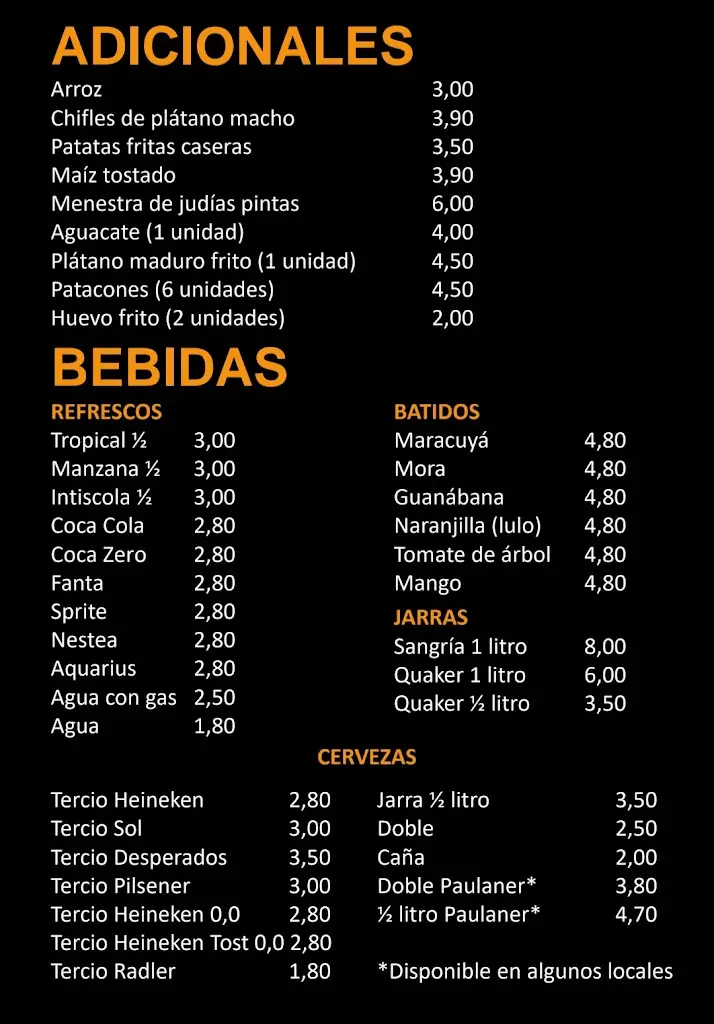 Menu_Restaurante dos Amigos_Esporões_immagine_1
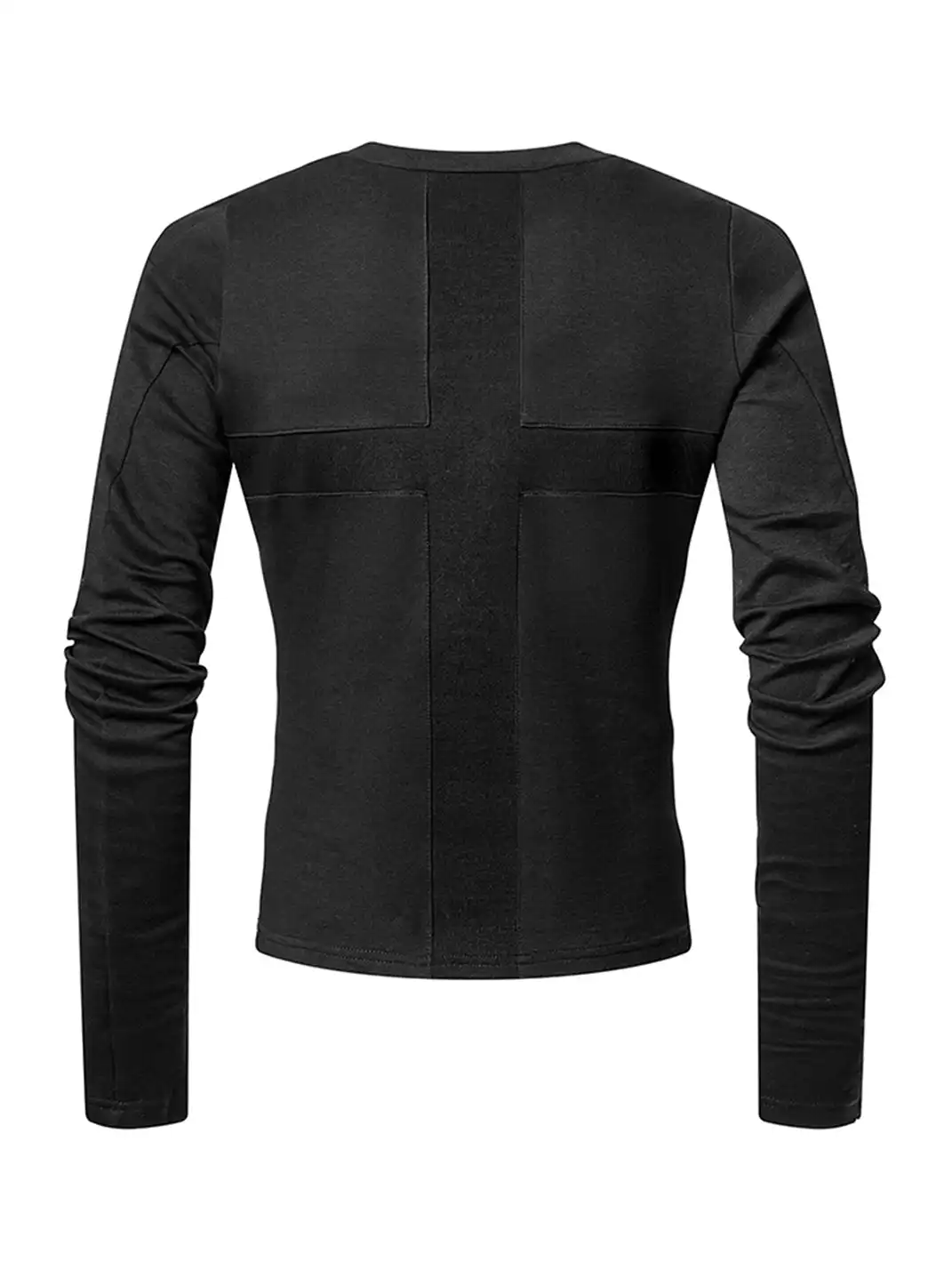 REBEL WAVE | Cross Print Slim Fit Gothic Tee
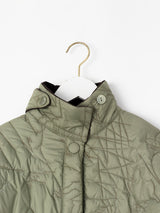 <キルティングスタンドロングシャツ>マウンテン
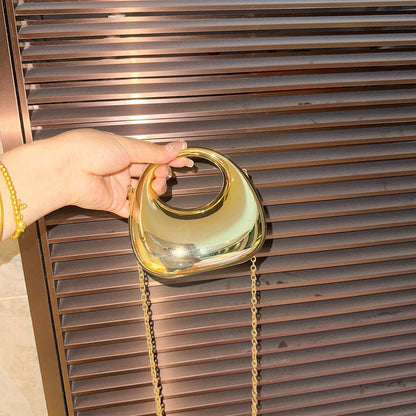 Moon Clutch Purse Acrylic Evening Handbag for Women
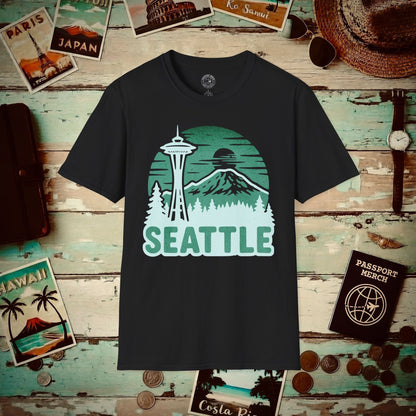 Seattle, Washington - 80's Vintage T-Shirt Black / S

######

[Work task]: Would you give the entries above again verbatim, omitting the images they contain?

[Response to this task]:
 Menu_Restaurante dos Amigos_Esporões_immagine_1
 REBEL WAVE | Cross Print Slim Fit Gothic Tee
 <キルティングスタンドロングシャツ>マウンテン
 Moon Clutch Purse Acrylic Evening Handbag for Women
 Seattle, Washington - 80's Vintage T-Shirt Black / S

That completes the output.